Este Gobierno tuvo su primavera de credibilidad-confianza, durante las primeras semanas de la pandemia. La perniciosa cultura de la opacidad en las compras públicas resquebrajó esa unidad. Apelar a las emociones intentando desconectar la atención de hechos objetivamente demostrables ya no funcionó. El aparato propagandístico montado sobre ese neologismo que pomposamente se puso de moda, la posverdad, fracasó. La corrupción se filtró por toda la quilla del barco.

La credibilidad sostenida sobre la figura de dos ministros (el de Salud y el del Interior) siempre tuvo la etiqueta de credibilidad temporal, mientras duraban los efectos del coronavirus entre nosotros, porque, más allá de las críticas presentes y futuras, en la primera fase de esta crisis se ganaron el reconocimiento ciudadano. Fueron el orden en medio de la confusión. En ese período, la capacidad de ambos hacía resaltar la incapacidad de otros. Como la del equipo económico que naufraga en sus propias inconsistencias. Con nula creatividad para generar recursos que no sea por la vía del endeudamiento. Eso sí, con un nutrido coro de aduladores mediáticos que no podrá tapar por mucho tiempo el resultado de la ineficiencia.

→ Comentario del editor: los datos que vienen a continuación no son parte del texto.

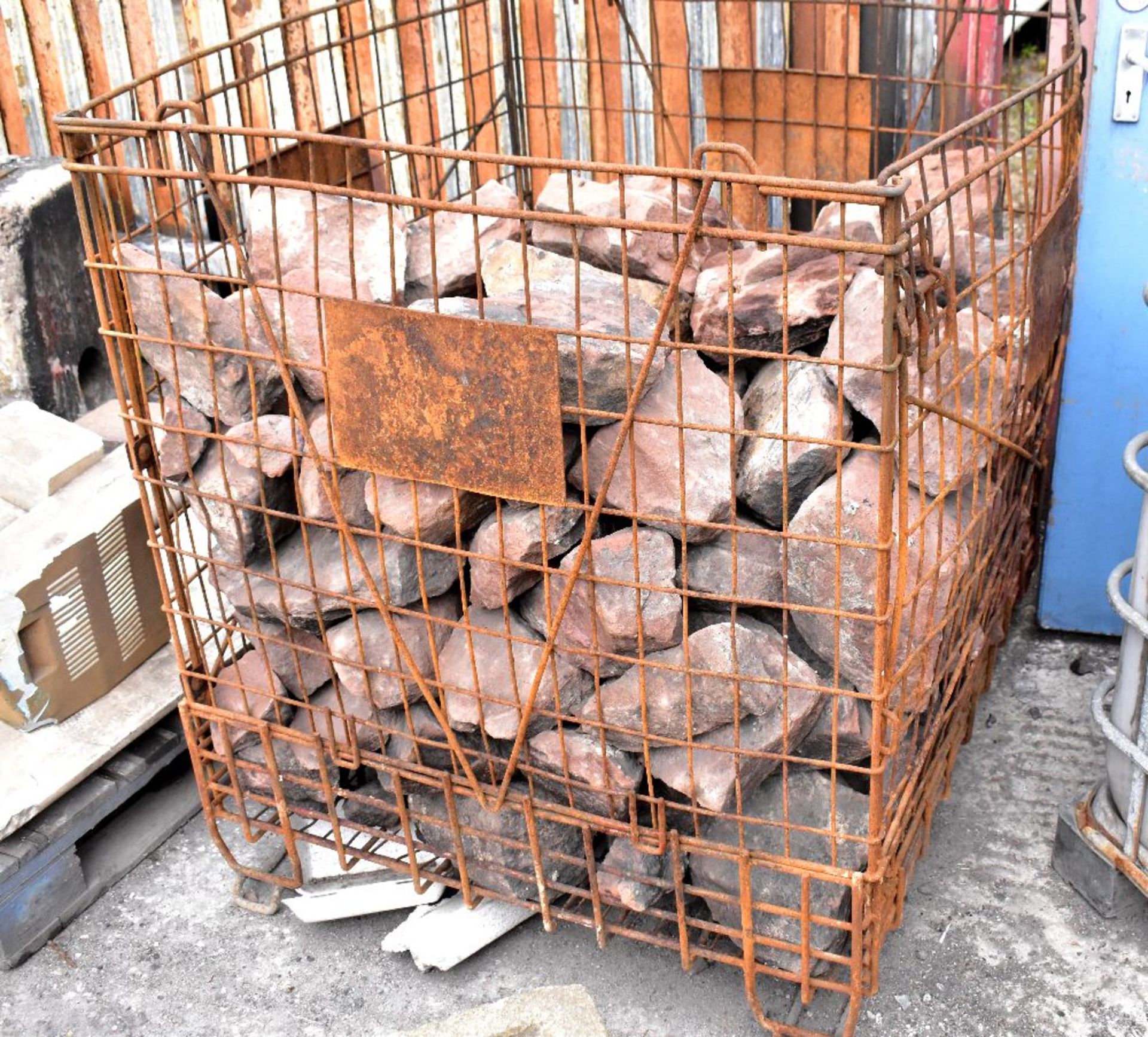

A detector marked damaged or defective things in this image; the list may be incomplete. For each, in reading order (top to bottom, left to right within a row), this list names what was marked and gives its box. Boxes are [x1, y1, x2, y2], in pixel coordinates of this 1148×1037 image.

Los otros ministros simplemente desaparecieron o hacían apariciones absolutamente intrascendentes. El talento no necesita de invitación para sumarse a una causa: se predispone y propone. Es en la emergencia, y no en las funciones ensayadas, donde el guitarrista hace gala de sus destrezas.

Si entre las aspiraciones del presidente de la República figura terminar su mandato gobernando con la confianza de la sociedad deberá remover más de la mitad de su gabinete. Ya ha comprobado los beneficios de rodearse de colaboradores idóneos. Ahora depende de su propio juicio desprenderse de aquellos que carecen de actitudes y aptitudes para dirigir las instituciones que les fueron encomendadas. La incompetencia es el anticipado veredicto del fracaso. Y al Gobierno se le acaba el tiempo de los minutos adicionales.